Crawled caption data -
=== Begin Enclosure ===

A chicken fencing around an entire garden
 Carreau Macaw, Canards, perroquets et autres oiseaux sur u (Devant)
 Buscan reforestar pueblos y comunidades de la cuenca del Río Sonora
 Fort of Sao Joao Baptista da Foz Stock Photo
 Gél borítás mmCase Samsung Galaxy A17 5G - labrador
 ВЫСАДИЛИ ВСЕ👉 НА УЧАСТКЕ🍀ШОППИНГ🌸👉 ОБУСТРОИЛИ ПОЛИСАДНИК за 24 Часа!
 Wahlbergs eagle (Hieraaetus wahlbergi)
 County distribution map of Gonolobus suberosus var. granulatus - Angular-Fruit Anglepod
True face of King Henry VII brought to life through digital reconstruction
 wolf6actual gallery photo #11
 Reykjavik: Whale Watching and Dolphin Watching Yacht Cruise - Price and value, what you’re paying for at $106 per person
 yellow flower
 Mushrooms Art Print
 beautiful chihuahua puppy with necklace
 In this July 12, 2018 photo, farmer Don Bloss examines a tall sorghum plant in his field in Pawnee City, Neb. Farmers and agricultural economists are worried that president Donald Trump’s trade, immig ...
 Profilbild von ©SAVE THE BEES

=== End Enclosure ===

EXERCISE DESCRIPTION -
Reproduce the data exactly, omitting nothing.

OUTPUT OF THE TASK -
A chicken fencing around an entire garden
 Carreau Macaw, Canards, perroquets et autres oiseaux sur u (Devant)
 Buscan reforestar pueblos y comunidades de la cuenca del Río Sonora
 Fort of Sao Joao Baptista da Foz Stock Photo
 Gél borítás mmCase Samsung Galaxy A17 5G - labrador
 ВЫСАДИЛИ ВСЕ👉 НА УЧАСТКЕ🍀ШОППИНГ🌸👉 ОБУСТРОИЛИ ПОЛИСАДНИК за 24 Часа!
 Wahlbergs eagle (Hieraaetus wahlbergi)
 County distribution map of Gonolobus suberosus var. granulatus - Angular-Fruit Anglepod
True face of King Henry VII brought to life through digital reconstruction
 wolf6actual gallery photo #11
 Reykjavik: Whale Watching and Dolphin Watching Yacht Cruise - Price and value, what you’re paying for at $106 per person
 yellow flower
 Mushrooms Art Print
 beautiful chihuahua puppy with necklace
 In this July 12, 2018 photo, farmer Don Bloss examines a tall sorghum plant in his field in Pawnee City, Neb. Farmers and agricultural economists are worried that president Donald Trump’s trade, immig ...
 Profilbild von ©SAVE THE BEES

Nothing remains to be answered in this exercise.